* Brief
When the string "with" is part of a line in the data below, report the whole line.
Input material below:
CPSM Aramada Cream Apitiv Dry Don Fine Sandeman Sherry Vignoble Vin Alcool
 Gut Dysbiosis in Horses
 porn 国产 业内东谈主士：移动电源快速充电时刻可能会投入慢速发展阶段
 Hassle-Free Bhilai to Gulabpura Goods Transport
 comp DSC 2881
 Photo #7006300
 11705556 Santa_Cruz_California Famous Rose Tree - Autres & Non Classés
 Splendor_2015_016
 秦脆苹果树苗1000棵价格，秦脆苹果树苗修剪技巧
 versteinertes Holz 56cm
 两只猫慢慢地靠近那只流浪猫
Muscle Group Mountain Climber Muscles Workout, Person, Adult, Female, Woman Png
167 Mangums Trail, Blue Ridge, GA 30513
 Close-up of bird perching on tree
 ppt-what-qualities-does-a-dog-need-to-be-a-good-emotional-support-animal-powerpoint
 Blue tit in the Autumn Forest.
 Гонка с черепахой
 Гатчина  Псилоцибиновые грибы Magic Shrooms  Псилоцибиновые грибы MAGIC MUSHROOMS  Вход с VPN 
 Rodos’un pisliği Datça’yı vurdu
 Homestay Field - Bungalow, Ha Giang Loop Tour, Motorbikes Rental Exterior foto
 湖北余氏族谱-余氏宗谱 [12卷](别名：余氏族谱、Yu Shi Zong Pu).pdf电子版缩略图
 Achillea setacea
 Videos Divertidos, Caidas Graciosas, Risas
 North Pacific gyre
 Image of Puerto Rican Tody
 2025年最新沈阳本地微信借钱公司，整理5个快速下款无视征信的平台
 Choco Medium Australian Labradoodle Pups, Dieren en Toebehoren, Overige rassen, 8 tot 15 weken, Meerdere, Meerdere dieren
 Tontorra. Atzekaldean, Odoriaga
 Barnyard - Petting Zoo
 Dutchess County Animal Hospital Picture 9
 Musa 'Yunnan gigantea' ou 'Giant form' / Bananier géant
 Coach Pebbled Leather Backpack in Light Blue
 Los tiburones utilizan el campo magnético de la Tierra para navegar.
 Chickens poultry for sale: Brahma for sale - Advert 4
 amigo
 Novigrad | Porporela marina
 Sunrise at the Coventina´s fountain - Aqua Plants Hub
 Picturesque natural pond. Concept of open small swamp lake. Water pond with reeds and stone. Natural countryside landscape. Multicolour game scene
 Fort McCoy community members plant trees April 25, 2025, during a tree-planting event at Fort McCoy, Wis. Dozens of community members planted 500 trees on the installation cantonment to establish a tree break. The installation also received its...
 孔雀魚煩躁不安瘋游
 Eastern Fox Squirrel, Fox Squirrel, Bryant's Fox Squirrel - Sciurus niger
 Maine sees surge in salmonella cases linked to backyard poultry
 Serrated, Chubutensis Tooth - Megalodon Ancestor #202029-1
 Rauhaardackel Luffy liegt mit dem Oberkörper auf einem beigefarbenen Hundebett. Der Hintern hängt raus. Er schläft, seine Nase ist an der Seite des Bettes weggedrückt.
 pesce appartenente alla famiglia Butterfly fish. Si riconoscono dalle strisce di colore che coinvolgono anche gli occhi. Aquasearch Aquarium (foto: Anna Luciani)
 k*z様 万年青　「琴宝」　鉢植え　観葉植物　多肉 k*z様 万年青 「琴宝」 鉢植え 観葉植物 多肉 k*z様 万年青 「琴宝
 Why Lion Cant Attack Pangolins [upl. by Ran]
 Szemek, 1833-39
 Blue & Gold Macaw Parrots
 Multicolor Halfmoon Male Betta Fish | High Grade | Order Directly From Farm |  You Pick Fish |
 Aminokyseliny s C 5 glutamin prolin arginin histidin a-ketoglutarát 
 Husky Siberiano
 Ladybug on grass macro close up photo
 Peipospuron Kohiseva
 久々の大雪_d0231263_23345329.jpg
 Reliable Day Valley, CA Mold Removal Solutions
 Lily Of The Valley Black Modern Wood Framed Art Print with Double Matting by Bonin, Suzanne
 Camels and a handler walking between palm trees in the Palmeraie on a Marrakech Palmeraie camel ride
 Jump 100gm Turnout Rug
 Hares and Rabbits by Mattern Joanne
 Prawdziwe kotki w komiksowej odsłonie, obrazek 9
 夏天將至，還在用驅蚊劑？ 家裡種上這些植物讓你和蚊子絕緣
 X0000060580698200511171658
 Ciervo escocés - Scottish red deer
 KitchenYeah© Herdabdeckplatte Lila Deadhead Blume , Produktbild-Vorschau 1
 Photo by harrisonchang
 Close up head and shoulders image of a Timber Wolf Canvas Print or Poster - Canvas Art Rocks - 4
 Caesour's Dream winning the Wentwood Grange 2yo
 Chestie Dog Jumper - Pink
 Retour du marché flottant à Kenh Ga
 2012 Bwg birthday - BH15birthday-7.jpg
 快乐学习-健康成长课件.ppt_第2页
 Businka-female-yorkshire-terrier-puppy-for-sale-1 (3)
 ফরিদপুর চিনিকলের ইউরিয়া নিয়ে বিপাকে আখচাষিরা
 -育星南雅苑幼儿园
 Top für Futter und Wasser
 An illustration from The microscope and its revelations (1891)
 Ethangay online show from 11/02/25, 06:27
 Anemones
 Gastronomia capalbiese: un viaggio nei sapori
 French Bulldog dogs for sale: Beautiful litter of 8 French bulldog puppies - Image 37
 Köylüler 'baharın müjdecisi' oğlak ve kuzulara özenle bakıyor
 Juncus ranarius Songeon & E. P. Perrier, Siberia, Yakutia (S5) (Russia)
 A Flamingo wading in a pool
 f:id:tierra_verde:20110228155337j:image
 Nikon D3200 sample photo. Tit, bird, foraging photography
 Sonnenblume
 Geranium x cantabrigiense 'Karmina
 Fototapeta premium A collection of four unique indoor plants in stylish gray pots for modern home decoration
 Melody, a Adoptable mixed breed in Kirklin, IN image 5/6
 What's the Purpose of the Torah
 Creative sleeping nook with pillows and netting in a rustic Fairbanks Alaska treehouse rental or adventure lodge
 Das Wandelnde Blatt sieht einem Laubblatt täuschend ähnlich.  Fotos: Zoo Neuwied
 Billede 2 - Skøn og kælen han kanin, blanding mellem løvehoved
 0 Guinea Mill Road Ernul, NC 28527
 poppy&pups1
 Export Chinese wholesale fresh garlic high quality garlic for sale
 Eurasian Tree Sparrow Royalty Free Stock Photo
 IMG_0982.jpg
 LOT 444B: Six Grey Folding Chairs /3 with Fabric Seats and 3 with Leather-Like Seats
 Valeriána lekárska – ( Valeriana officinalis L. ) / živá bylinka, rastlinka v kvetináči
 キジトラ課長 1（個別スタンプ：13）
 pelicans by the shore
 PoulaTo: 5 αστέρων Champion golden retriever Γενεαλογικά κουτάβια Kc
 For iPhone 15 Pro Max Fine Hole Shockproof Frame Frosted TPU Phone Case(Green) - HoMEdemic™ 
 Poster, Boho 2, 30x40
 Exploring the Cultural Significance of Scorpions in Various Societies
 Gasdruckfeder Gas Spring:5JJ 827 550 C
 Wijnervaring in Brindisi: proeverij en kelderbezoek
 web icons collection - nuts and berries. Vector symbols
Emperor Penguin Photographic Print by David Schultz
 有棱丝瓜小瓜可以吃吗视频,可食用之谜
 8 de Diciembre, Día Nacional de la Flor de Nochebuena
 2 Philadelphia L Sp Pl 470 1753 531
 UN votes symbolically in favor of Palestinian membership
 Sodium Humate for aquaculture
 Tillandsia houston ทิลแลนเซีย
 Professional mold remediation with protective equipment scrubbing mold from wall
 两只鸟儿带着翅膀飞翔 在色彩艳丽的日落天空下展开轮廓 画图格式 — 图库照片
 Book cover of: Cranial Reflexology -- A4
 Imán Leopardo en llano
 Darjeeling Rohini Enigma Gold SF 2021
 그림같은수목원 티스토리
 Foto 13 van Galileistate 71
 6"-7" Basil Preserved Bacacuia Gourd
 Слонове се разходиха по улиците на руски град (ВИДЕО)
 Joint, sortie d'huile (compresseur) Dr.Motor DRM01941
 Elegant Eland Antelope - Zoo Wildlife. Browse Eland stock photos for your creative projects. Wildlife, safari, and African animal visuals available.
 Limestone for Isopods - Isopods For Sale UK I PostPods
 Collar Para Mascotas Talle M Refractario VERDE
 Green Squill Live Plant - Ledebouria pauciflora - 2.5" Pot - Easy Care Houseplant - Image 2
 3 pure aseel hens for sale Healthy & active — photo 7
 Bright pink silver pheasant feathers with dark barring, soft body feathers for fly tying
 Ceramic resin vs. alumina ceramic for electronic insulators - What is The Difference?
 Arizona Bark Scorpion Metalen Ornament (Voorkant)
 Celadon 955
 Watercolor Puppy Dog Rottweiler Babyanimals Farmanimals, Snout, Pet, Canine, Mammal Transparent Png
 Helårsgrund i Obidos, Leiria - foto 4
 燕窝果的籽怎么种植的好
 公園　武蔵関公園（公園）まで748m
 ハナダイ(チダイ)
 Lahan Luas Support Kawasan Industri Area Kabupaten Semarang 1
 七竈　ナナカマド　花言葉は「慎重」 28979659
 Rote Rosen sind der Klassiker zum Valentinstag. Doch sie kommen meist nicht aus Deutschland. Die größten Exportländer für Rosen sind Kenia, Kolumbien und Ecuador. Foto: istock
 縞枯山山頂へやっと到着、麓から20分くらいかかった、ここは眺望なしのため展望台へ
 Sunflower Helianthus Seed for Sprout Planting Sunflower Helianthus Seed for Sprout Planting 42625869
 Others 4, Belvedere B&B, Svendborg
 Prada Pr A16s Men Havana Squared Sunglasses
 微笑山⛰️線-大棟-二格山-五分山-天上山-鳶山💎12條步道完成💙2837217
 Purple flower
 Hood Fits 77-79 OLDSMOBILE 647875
End of Input material.
* Exercise solution
 Picturesque natural pond. Concept of open small swamp lake. Water pond with reeds and stone. Natural countryside landscape. Multicolour game scene
 Lily Of The Valley Black Modern Wood Framed Art Print with Double Matting by Bonin, Suzanne
 Creative sleeping nook with pillows and netting in a rustic Fairbanks Alaska treehouse rental or adventure lodge
 LOT 444B: Six Grey Folding Chairs /3 with Fabric Seats and 3 with Leather-Like Seats
 Professional mold remediation with protective equipment scrubbing mold from wall
 Bright pink silver pheasant feathers with dark barring, soft body feathers for fly tying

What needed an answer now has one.